I kneaded it by hand, rather than machine, because I was in the mood for that.  Long ago (back when I only worked four days per week - woohoo!) I used to bake bread every Friday, and taught myself a lot using the New Laurel's Kitchen Bread Book, so kneading and shaping is familiar to me.

I watched the video, and found myself kind of thinking about the "original" Julia child recipe that I have used in the past.  I really like Julia's explanations in general, and actually found the description in the book of how to shape the loaves rather inscrutable - a diagram in there might have helped.  The video was more illuminating, but I still kind of fudged the shaping process - something to perfect in the future.  Here's the dough after shaping, ready for its second rise:

I have a perforated metal pan for baguette baking (talk about specialty bakeware - got this as a gift), so I used that, rather than the baking stone.  It allows plenty of heat to circulate and keeps the bottom of the bread rounded rather than flat.

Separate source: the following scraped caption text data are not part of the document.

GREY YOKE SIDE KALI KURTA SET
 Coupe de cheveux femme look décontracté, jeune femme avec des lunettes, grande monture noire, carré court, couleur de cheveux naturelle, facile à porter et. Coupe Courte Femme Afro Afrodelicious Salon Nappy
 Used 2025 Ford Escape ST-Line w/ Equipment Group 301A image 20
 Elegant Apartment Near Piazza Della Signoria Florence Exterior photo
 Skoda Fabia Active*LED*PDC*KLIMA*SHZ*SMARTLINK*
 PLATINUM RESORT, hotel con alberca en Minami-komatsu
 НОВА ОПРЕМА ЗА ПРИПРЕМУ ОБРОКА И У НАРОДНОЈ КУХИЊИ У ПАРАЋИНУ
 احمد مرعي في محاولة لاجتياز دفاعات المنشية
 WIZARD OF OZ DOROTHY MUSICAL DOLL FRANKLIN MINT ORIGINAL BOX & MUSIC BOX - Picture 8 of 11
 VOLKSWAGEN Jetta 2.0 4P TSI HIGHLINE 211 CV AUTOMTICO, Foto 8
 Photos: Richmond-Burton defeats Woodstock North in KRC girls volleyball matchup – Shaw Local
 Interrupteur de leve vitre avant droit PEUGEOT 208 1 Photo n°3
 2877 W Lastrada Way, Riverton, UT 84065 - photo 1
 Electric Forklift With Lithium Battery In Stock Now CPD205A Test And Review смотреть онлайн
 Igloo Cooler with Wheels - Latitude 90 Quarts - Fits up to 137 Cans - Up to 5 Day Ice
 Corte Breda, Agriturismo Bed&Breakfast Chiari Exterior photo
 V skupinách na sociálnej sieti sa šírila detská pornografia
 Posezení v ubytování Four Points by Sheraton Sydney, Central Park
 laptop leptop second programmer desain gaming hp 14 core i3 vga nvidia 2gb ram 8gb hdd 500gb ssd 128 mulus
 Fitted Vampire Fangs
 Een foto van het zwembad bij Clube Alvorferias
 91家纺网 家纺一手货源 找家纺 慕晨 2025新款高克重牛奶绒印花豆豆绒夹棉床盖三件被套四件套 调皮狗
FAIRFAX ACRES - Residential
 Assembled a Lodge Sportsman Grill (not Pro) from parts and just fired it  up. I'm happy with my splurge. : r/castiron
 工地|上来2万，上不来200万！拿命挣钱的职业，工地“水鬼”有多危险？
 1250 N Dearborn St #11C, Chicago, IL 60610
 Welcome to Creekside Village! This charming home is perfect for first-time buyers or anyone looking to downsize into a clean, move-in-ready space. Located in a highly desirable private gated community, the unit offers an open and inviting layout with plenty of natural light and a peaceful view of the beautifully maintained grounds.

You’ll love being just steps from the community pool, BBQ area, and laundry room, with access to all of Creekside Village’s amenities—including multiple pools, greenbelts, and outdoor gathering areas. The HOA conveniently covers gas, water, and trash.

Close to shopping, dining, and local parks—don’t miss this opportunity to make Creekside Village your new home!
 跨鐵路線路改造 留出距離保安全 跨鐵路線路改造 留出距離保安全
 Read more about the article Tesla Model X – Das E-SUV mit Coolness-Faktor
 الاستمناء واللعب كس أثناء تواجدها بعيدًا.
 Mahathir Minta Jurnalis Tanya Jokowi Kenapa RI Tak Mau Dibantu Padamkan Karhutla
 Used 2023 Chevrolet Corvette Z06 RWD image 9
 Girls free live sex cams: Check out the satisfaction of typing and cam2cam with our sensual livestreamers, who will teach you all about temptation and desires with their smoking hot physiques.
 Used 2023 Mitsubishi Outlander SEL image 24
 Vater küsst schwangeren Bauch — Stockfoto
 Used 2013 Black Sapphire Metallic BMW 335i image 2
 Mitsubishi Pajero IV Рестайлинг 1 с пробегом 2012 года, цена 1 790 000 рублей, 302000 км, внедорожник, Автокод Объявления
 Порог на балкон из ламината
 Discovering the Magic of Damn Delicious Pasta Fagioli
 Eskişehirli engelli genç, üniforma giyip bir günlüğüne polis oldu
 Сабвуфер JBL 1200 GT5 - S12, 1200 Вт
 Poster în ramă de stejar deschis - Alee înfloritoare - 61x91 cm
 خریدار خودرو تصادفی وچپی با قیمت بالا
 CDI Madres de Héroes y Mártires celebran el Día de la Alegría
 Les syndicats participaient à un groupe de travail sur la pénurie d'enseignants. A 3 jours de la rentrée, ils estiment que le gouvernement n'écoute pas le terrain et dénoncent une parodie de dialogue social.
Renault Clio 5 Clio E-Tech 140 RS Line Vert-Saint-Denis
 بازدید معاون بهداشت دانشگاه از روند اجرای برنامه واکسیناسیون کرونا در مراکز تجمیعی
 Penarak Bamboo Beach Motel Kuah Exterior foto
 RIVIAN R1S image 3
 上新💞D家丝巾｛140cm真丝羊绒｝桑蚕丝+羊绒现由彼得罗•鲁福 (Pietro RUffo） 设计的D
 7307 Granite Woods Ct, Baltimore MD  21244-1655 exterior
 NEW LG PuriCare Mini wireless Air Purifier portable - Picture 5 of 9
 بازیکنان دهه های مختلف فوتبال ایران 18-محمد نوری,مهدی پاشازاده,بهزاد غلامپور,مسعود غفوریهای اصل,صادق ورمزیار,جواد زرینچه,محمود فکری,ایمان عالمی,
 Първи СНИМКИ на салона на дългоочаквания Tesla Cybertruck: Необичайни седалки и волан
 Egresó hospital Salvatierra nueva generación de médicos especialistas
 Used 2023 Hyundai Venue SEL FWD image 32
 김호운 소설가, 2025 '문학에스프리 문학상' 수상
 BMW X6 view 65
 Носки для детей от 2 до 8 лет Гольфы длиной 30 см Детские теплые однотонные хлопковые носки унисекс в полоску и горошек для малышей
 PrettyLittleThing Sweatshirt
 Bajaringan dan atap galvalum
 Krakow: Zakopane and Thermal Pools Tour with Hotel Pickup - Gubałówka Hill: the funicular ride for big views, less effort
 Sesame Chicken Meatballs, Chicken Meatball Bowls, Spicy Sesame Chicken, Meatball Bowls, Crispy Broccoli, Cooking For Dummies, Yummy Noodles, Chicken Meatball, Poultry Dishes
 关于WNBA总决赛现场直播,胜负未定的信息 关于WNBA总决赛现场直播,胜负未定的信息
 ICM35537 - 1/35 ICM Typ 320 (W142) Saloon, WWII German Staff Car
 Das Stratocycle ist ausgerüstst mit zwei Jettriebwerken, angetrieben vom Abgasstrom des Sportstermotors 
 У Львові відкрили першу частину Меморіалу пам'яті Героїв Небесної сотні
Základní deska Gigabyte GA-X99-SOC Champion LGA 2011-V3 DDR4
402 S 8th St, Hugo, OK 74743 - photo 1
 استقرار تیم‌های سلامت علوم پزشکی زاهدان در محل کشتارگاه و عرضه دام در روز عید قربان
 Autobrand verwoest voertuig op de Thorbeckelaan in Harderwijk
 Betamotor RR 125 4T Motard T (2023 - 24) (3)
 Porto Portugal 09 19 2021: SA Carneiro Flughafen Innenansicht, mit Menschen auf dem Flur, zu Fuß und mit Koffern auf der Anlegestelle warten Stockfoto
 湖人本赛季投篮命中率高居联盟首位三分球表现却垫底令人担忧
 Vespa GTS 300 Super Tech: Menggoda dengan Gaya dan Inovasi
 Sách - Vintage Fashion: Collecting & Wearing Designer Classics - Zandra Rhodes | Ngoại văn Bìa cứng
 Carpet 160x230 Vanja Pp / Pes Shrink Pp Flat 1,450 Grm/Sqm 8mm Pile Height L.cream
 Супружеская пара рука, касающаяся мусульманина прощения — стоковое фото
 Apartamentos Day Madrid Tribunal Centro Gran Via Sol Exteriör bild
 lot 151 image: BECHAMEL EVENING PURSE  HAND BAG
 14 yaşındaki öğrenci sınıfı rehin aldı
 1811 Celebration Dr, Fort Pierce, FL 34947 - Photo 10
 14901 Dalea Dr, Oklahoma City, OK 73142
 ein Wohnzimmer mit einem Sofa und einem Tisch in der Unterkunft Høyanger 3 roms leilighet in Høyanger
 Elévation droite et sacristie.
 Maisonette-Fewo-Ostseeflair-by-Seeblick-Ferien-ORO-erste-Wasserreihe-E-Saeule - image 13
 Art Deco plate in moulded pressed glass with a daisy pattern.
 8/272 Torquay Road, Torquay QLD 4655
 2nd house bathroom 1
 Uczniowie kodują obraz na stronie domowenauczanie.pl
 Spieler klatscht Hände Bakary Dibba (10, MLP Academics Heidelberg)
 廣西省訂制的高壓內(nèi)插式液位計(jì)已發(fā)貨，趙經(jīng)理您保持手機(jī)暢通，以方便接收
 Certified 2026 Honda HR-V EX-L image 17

Thanks to everyone who has been reading and commenting on my blog - I enjoy the company of other bakers and always want to hear your thoughts!

Wednesday, September 3, 2014

Oven-Roasted Plum Cakes - TWD: Baking with Julia

Tuesdays with Dorie: Baking with Julia - 64th installment. The recipe is Oven-Roasted Plum Cakes.

This is a delicious recipe, and was fun to bake, despite the temperature in the kitchen being 90 degrees with very high humidity :-)   It's a great use of summer fruit, and we ate ours with ice cream.  I bet it would be good with other fruit as well.  I am curious about the recommendation in the book to use bittersweet chocolate sauce instead - maybe next time. 

The basic method is to make a brown-sugary butter cake batter and then put a surprisingly small amount of batter (2 heaping tablespoons!) into a dish, put a plum half cut-side up on top, and then sprinkle with more brown sugar before baking.  They are served face up, so you can see the carmelized plum.

I was initially a little intimidated by the amount of effort required (it was Labor Day holiday, and consequently, I felt lazy :-), but once I watched the video, it seemed easier than I had initially thought by reading the recipe in the book.  

This recipe makes 12 cakes - I had a patchwork of 10 little pans, so I made due with what I had.  My mini square pans only hold 4 ounces volume, which is half that of the recipe's recommendation of 8-9 ounce custard cups.  For those, I used a plum quarter instead of a half, and baked them for only about 12 minutes.   Here are the pans with batter and plums, and before brown sugar sprinkling:

I put a bit more than the recommended amount of batter in the half-size pans, because I didn't have enough pans, and the batter rose up and covered the plum, which wasn't as pretty (but still delicious).  Here is the result after baking. 

 They were slightly tricky to get out of the pan, as the fruit made them sticky, but since you serve them top side up, it was pretty easy to scoop out the remaining scraps from the pan and tuck them under the mini cake on the plate.